Published: March 19, 2014, 5:35 pm ET
Collegian Reporter

The Richmond College Dean’s Office introduced the “I am Richmond College” project this February. The initiative is designed to celebrate diversity, both visible and invisible, within the RC community.

An “I am Richmond College” video, published on the RC website, features nine RC men who talk about their different identities based on background and experiences, sexual orientation, religion and nationality.

Matt Palmisano, RC ’14, said he was proud to participate. He identified as a gay Republican in the video.

“I think I might have said something that shocked a few people but I thought that if that could make at least one more guy on this campus more comfortable in themselves, then it was worth it,” he said.

Other men acknowledged overcoming an anxiety disorder, living in Tanzania, following Christ, being engaged to his high school sweetheart and being the public service announcer at Spider sports events.

According to the Richmond College Dean’s Office, the hope is these students’ stories will act as conversation starters to explore student body diversity, as well as “congratulating these men on their courage to share their stories and express their personal and authentic brand of masculinity.”

“I am Richmond College” and the aim to define a positive and diverse image of masculinity is the result of a planning retreat sponsored by the Richmond College Dean’s Office in summer 2012. It is an adaptation of Quinnipiac University’s “This is Me” program.

“It is a two-way street: We make up the College, but the collective actions of all Richmond College students reflect on all of us, so there is a shared responsibility that comes with saying ‘I am Richmond College,’” said Joe Boehman, dean of Richmond College and associate dean of the School of Arts and Sciences, in an email. “We create the legacy of the College, and we are responsible for what that legacy says about each of us.”

Matt Logan, RC ’16, identified as “a Midwestern boy who has fallen in love with the East coast.” While Logan had thought the “I am Richmond College” campaign had great intentions and potential, he had wished more men were involved with the campaign and grasped the rationale behind it.

“‘I am Richmond College’ holds each of us accountable for actions as men on the campus and it is up to each and every one of us to strive to maintain a positive image of masculinity and to also demand it from our peers,” Logan said.

Not all students perceive the same benefits of the initiative as those featured in the video do.

“I think that the concept of spreading the message about our campus’ diversity is important, but it seems a bit forced,” Andrew Jones, RC ’14, said. “I have immense respect for the individuals that were chosen for this project, but as a graduating senior I know that this video doesn’t accurately portray how student life really is on campus.

“To me, ‘I am Richmond College’ is a term that helps me connect to our school’s historical past, but I don’t feel that it defines me… Campus life is very different from this nine-person grid.”

Recent remarks by board of trustees member Paul Queally do not align with the values and ideas expressed in “I am Richmond College.” Members of the initiative have mixed feelings about this disconnection.

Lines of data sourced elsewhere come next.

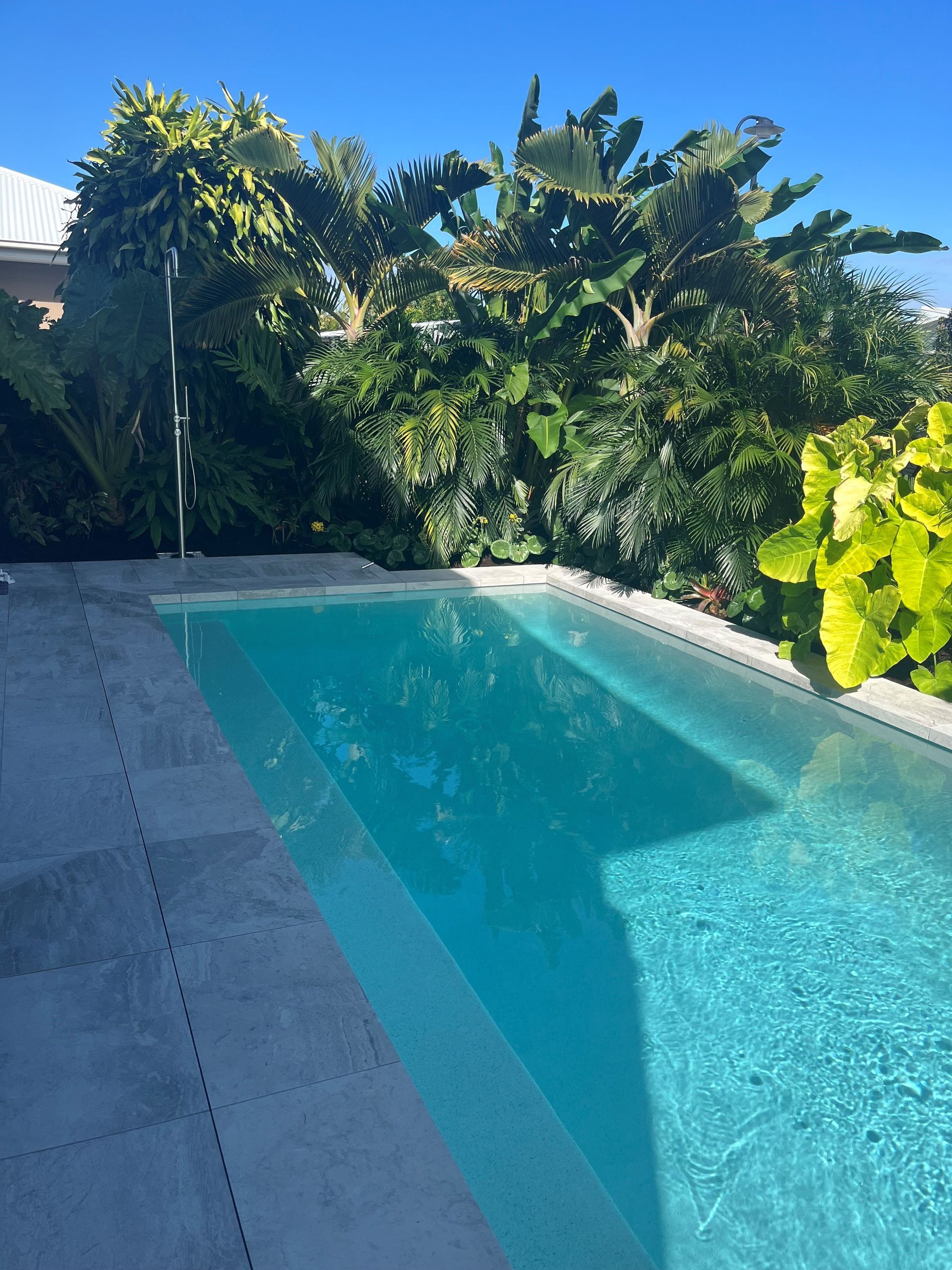 Blue swimming pool beside gray patio pavers, surrounded by lush green tropical plants under a clear sky.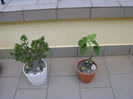 Ficus carica(smochin) & Crassula ovata cv Gollum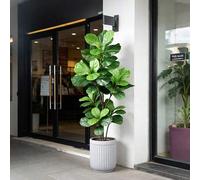 Shein Árbol de Ficus artificial de 70-135 cm, árbol de goma falso, Ficus decorativo grande, hojas de Ficus de plástico, verde tropical, decoración de paisaj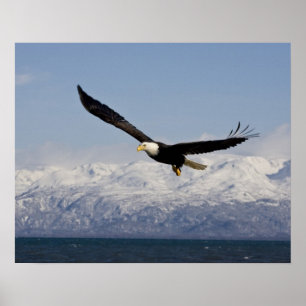 Póster Águila calva en vuelo, Haliaeetus leucocephalus, 3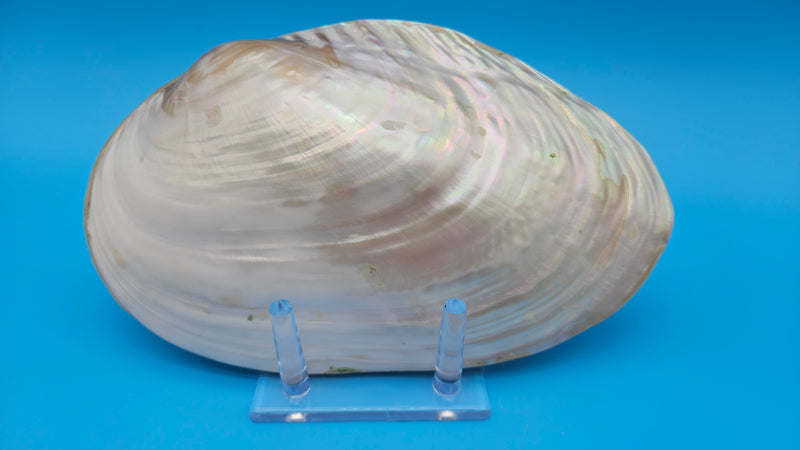  Fused Rainbow Cebu clam shell with polished iridescent surface and pastel pearl tones on blue background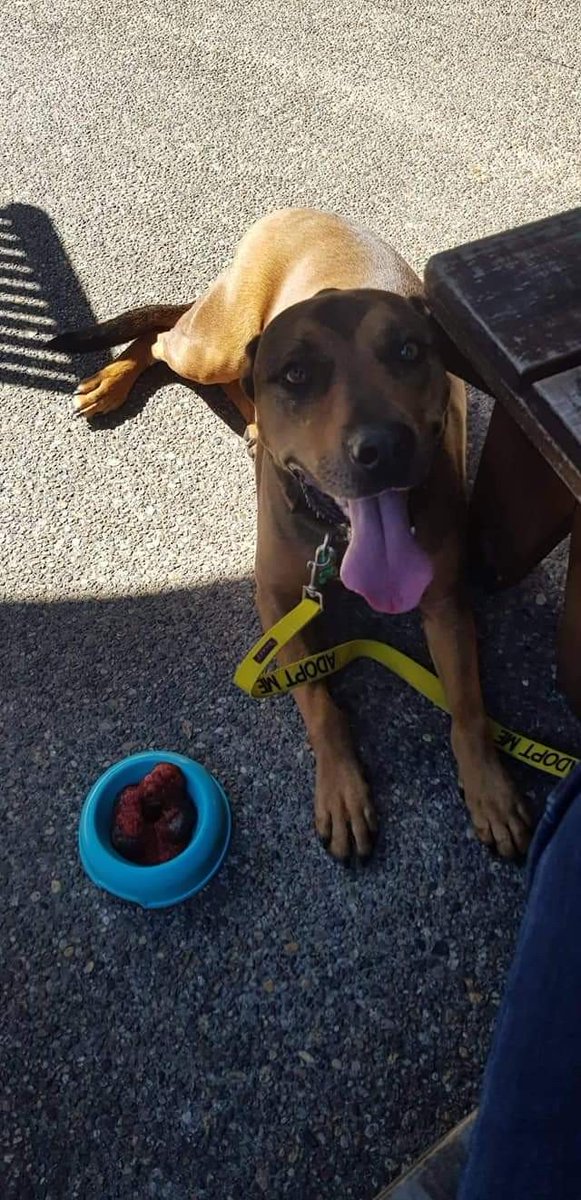 chaineddognz's tweet photo. #Rubble is looking for an experienced owner to help him get out and about, to enjoy those Sunday morning coffees. Find out if you could be his perfect match here - https://t.co/BFc6A8GhNj #adoptme #CDRRNZ #secondchances #fosterhomesneeded #whereismyforeverhome #sponsorme #bigdog https://t.co/zY4t6bvTLH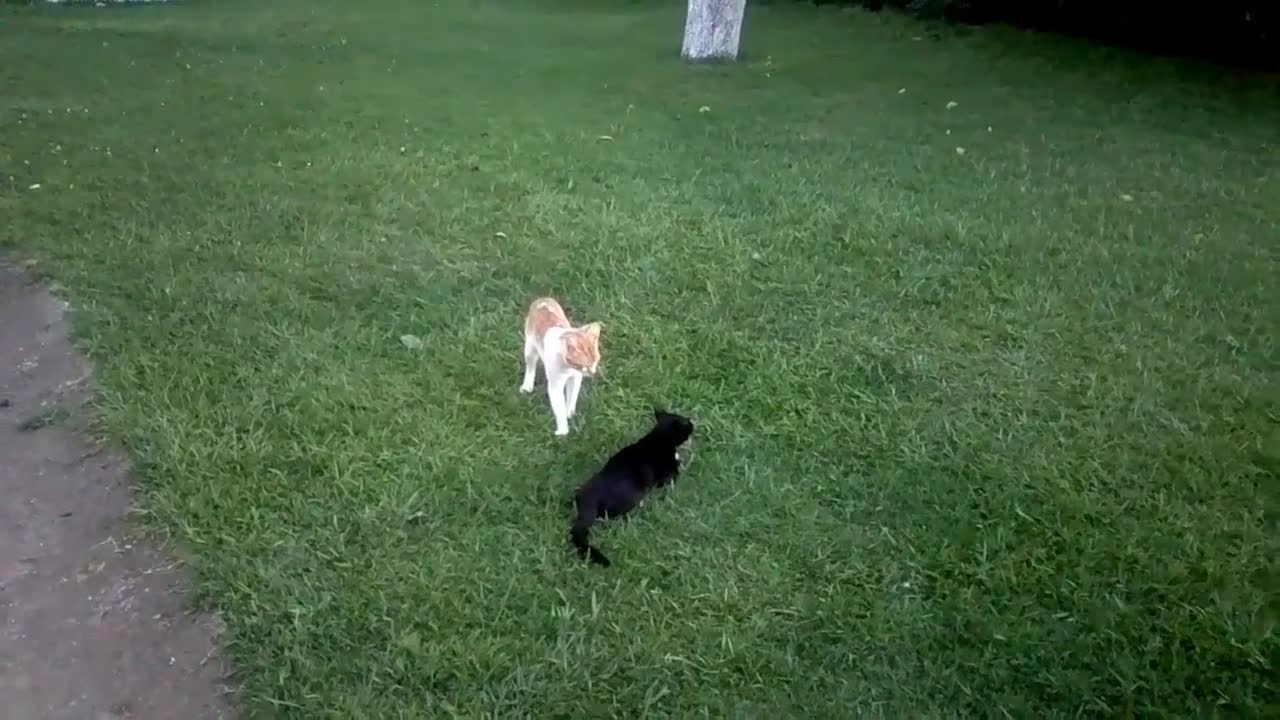 brutal cat fight cats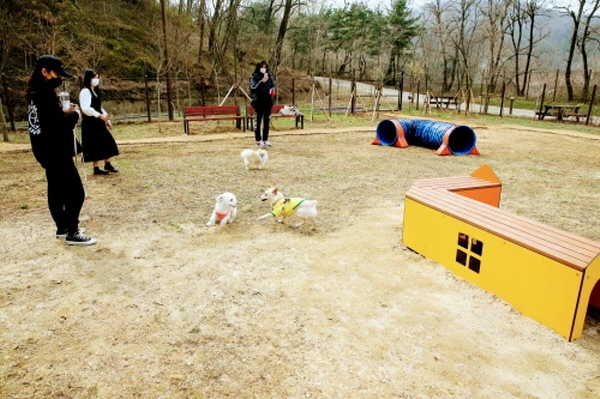 서울·인천·부천 반려동물 놀이터 추천 & 이용 꿀팁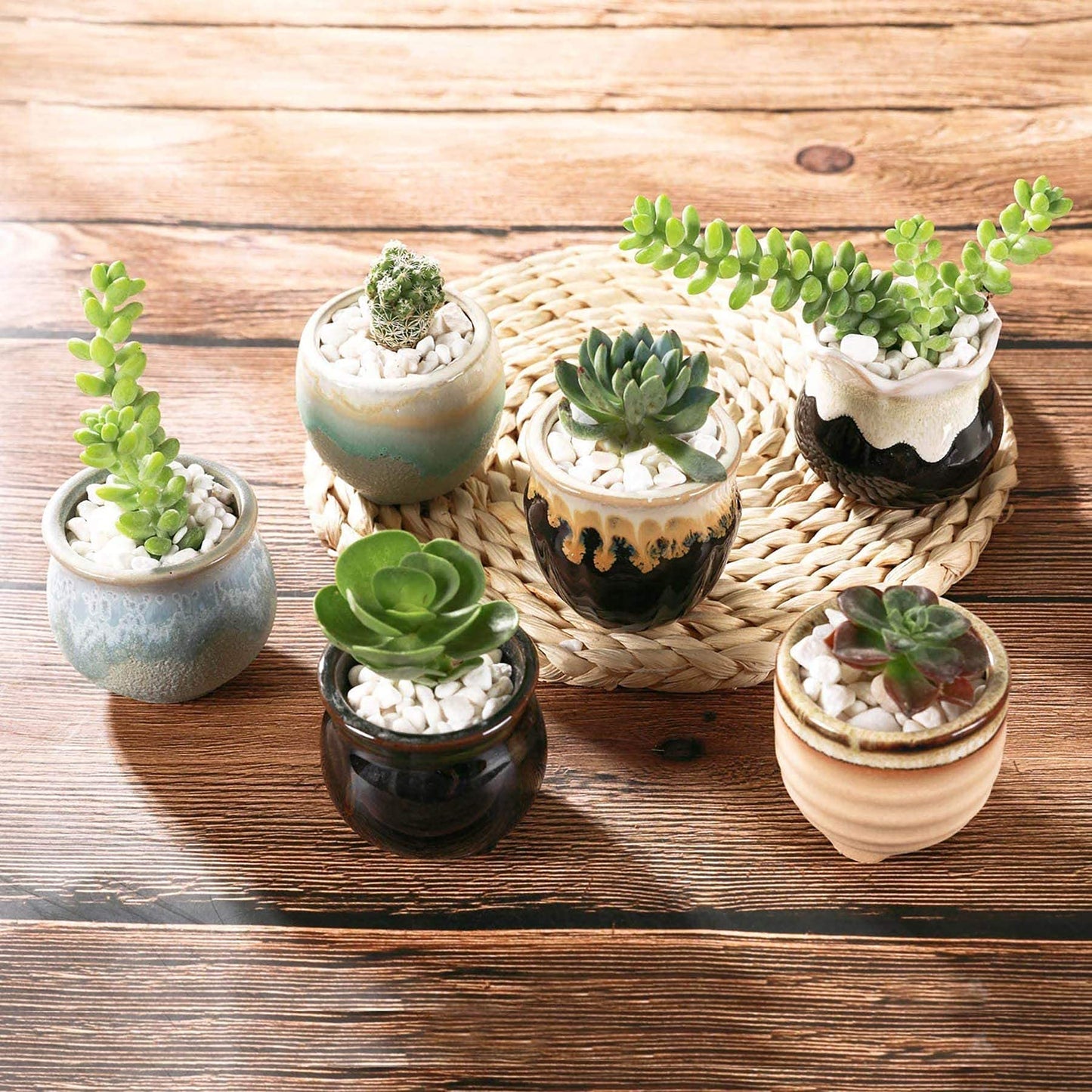 T4U Small Ceramic Succulent Pots with Drainage Hole Set of 12, Mini Porcelain Planters, Air Plant Flower Pots, Cactus Faux Plants Containers, Home and Office Decor Gift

Logan believes the comments have strengthened the “I am Richmond College” message because it shows students they are responsible for upholding these ideals even after graduation. However, Palmisano thought Queally’s remarks hurt the overall message and purpose of the initiative.

Boehman believed the video proved that Queally’s comments were not reflective of the diversity within Richmond College. David Bunke, RC ’17, who identified as being from the mushroom capital of the world in the video, said his views about the initiative have not changed because of Queally’s statements. “I am committed to helping the university any way possible, and I will not let one man’s comments affect my views,” he said.

Some men were chosen for the video for their work with the Dean’s Office or campus partners, and others were chosen based on subjects they wrote about to the Dean’s Office. While the selection process is informal, RC plans to ask students to share their stories in the future. Boehman said he was proud of these students for stepping up and being trailblazers.

“I think it’s really neat that Richmond College went out to do something like this, and I think it would be really neat if Westhampton College did something similar,” Palmisano said.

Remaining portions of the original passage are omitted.